In the latest instalment, all of this was applied to the killing of Dominque Aubert, the hunky French star of the Bath Eagles rugby team, whose body was found on the railway tracks outside Brunel’s Box tunnel. Shortly before that, he’d been at a nearby party with a group of Glaswegian women having a girls’ weekend away — as a result of which none of them could remember what happened.


None of them, that is, except their least glamorous member Doreen (Sharon Rooney), who’d taken lots of photos on her phone that appeared to incriminate her prettier, blonder and more flirtatious best friend Angela (Joy McAvoy). Not that the friendship seemed entirely mutual. As the women impressively stuck to their original weekend plan of drinking at all times — and even made the murder part of their inter-group joshing — Angela continued to boss Doreen around with lordly aplomb. It also became clear that there was more to Angela and Dominique’s relationship than a chance meeting the night before. But of course she wasn’t the only character with a secret to hide…

More unexpectedly, a key component of the plot was, as Dodds pointed out in one of his steel-trap moments, that Dominique’s body had been found on the morning of Brunel’s birthday: the only dawn of the year when the sun shines directly through the Box tunnel. In fact, a quick and slightly disappointing Google suggests that this is more legend than truth, but it was one we were clearly meant to accept at face value. A more damaging mistake, though, was the episode’s title.

Usually in crime shows it’s the criminal who makes one fatal error. Yet, by opting to call this one ‘We Need to Talk about Doreen’, the makers not only made what by my reckoning is officially the gazillionth not-really-punning reference of the past 20-odd years to We Need to Talk about Kevin, the novel about a murderer of that name by our own Lionel Shriver. They also rather gave the game away.

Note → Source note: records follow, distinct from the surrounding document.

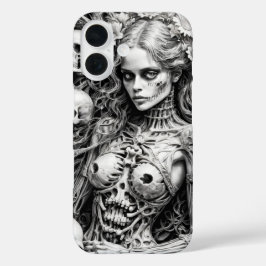 Schedel meisje met botten omslag iPhone 16 hoesje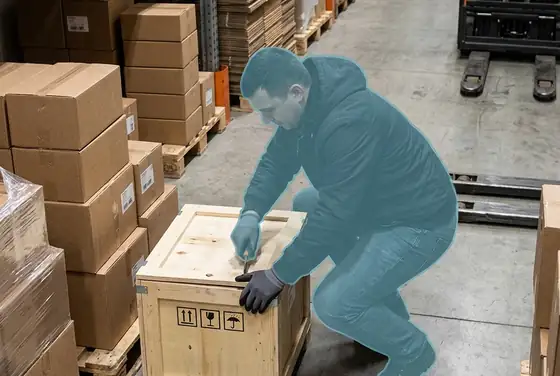 AI segmentation on a person tampering with cargo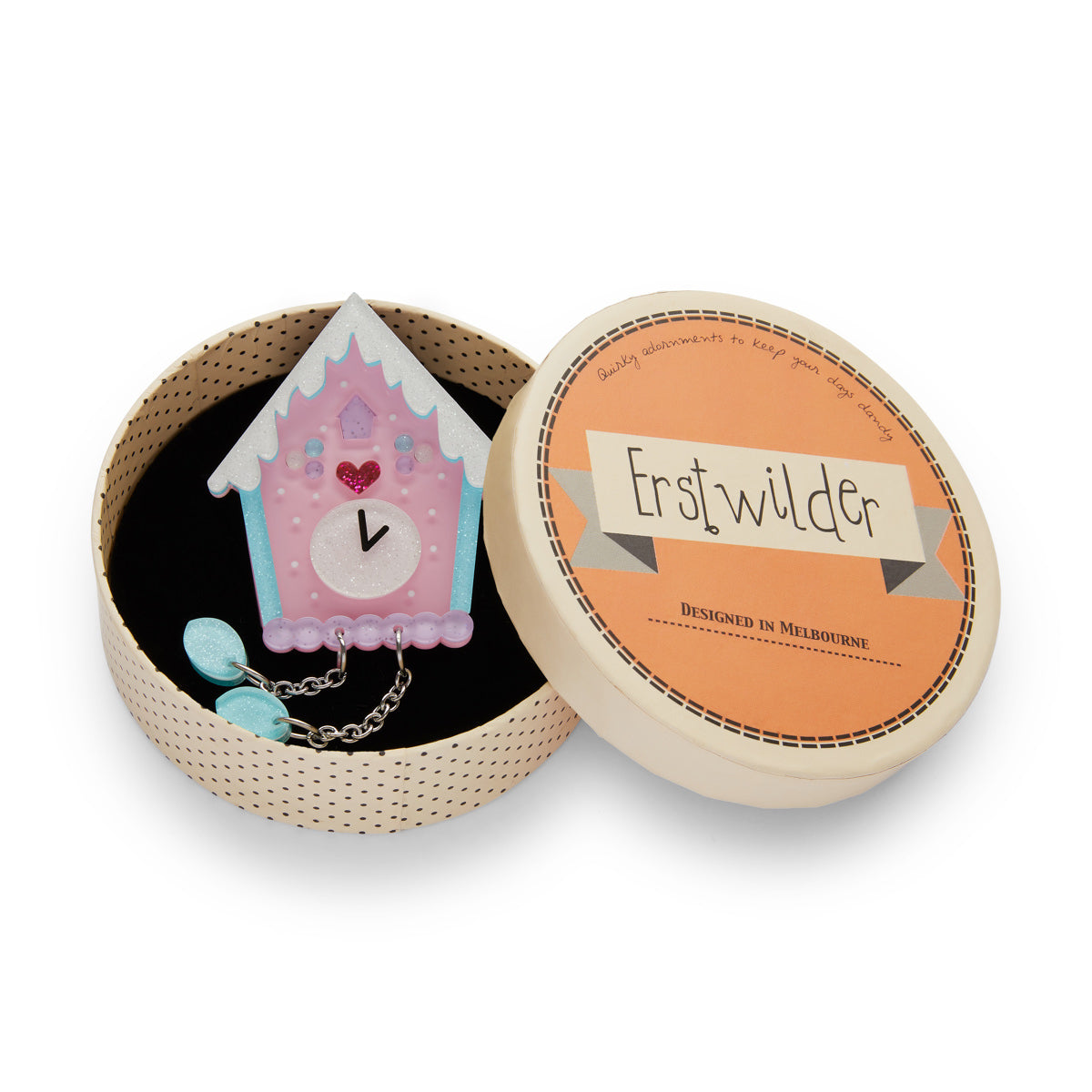 Erstwilder Past Midnight Brooch - Pink Cuckoo Clock - (2019)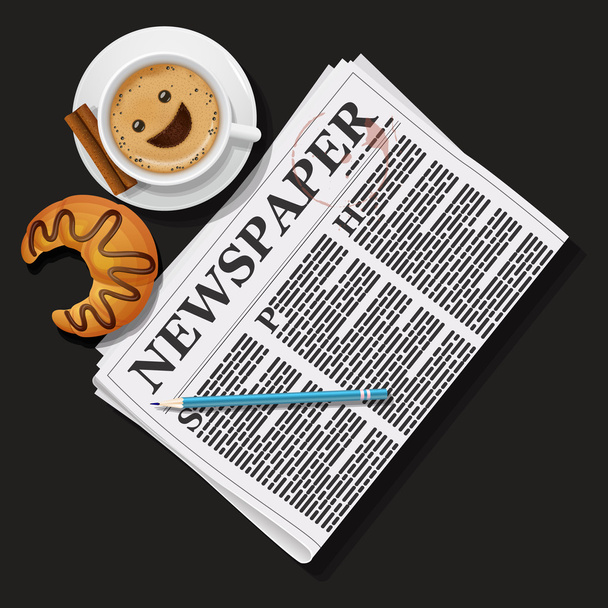 illustration of newspaper with cappuccino cup and croissant - Vector, Image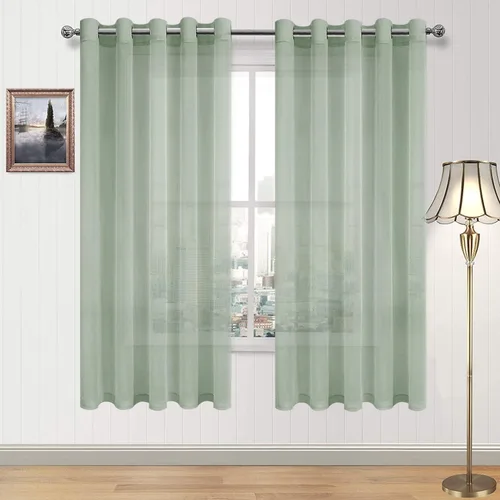 Vista 32 de DWCN Cortinas traslúcidas color verde frijol para sala de estar y dormitorio - Cortinas voile con aspecto de lino sintético con ojales en la parte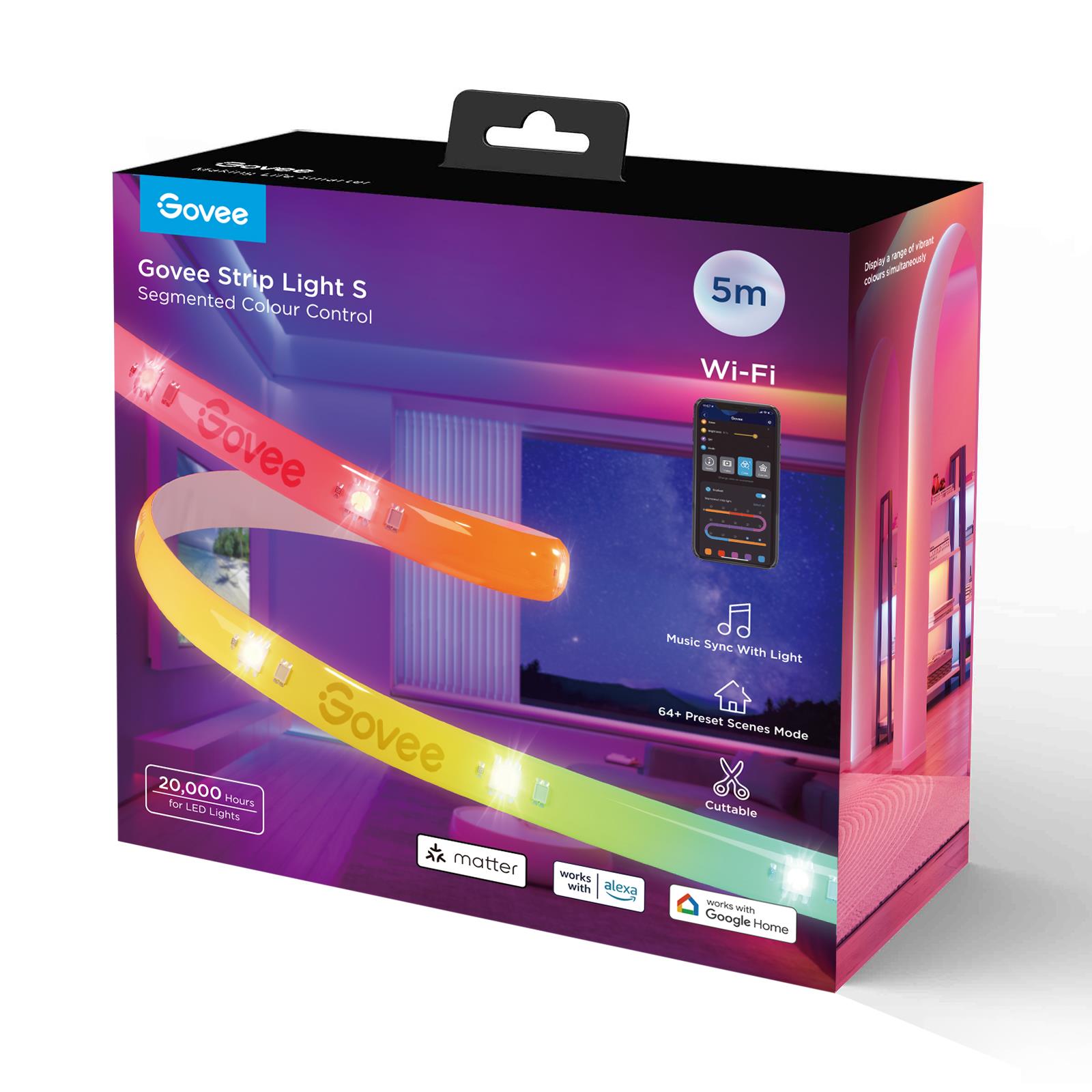 Govee RGBIC Wi-Fi + Bluetooth LED Strip Lights With Protective Coating (5M) Support Matter Govee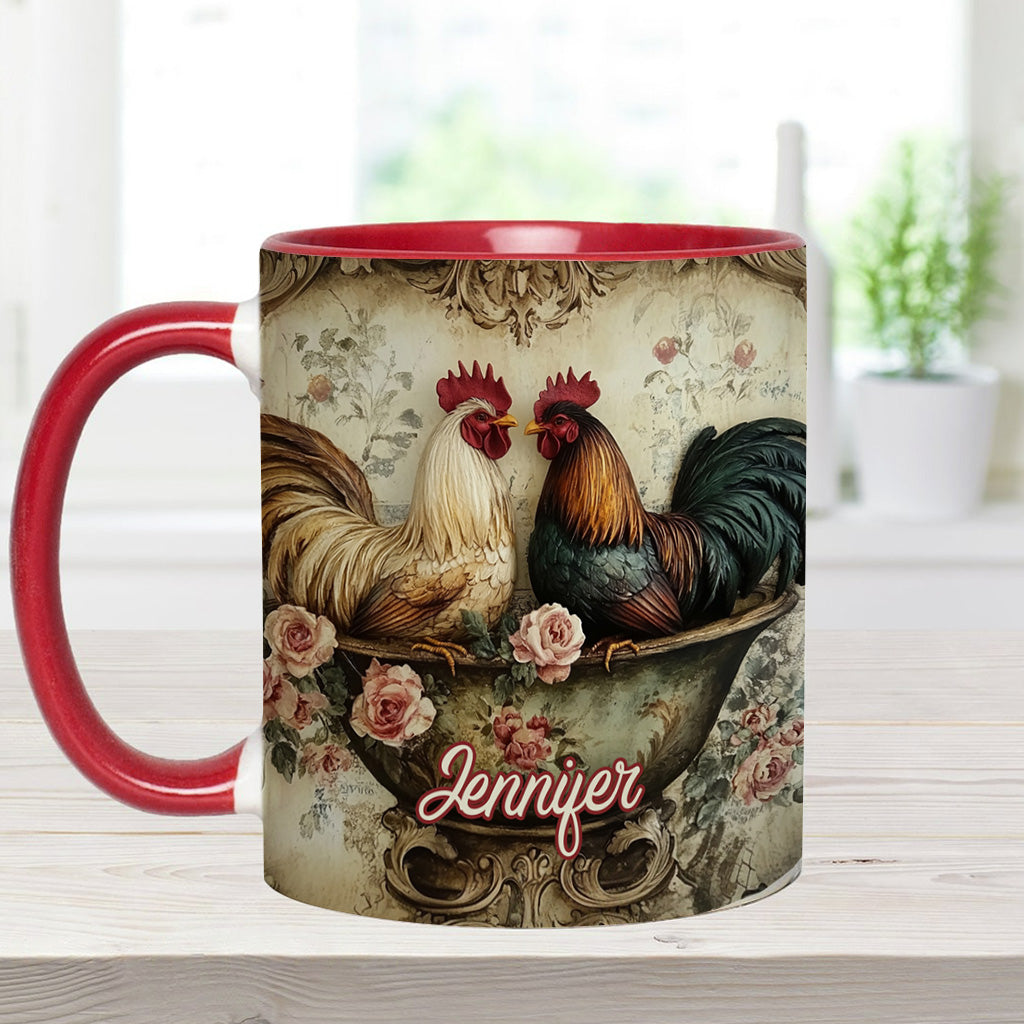 Mug personnalisé « Coq amoureux » - Thème fermier
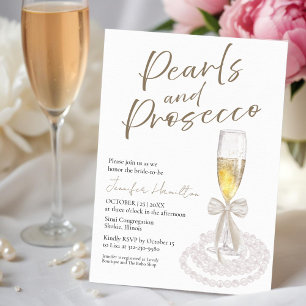 Pearls and Prosecco   Bow Watercolor Bridal Shower Invitation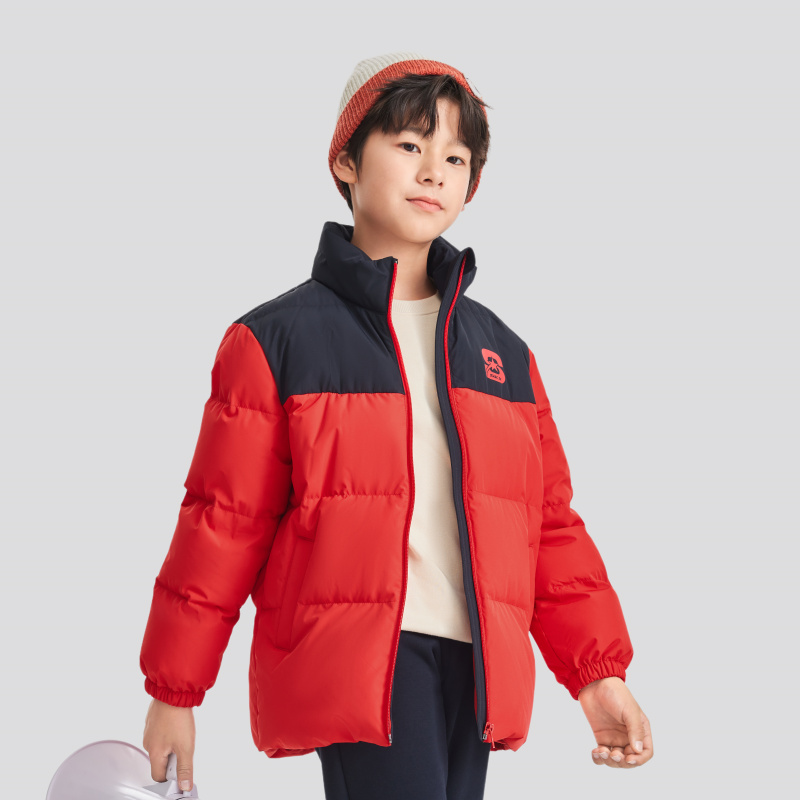 斯凯奇儿童立领短款羽绒外套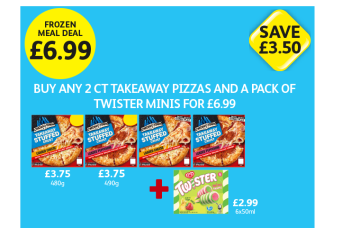 Chicago Town Stuffed Crust Loaded Cheese, Pepperoni, Twister Mini - Buy Any 2 Pizzas And A Pack Of Twister Minis For Only £6.99 at Londis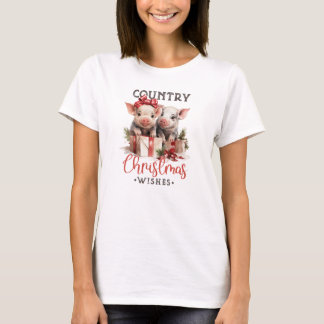 T-shirt Vintages deux porcs pays Noël ferme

Fortunately, this mystifying blunder apart, McDonald & Dodds once again succeeded in its by no means ignoble aim of making two hours of television pass in an undemandingly enjoyable way. Just don’t expect Line of Duty.

Still with ITV, the new series of DNA Journey — following a two-part Ant and Dec special in 2019 — is essentially the BBC’s Who Do You Think You Are? with added banter and less history. In it two celebrity friends are driven about the country to meet local historians who reveal what some of the celebs’ ancestors got up to.

For the first episode, the friends were Andrew Flintoff and Jamie Redknapp whose bantz often reached the genuinely witty, with Flintoff in particular confirming what a funny, likeable and accomplished broadcaster he’s become. Adding to the jollity were the historians, all of whom clearly relished their chance to be on telly. They passed on their findings — a convicted criminal here, a war hero there — with a game-show flourish and, in one case, even whispered the word ‘Psst!’ from a doorway as the two leads passed by. There was also a nice cameo from Redknapp’s dad Harry who didn’t seem especially startled to hear that he was descended from a fraudster.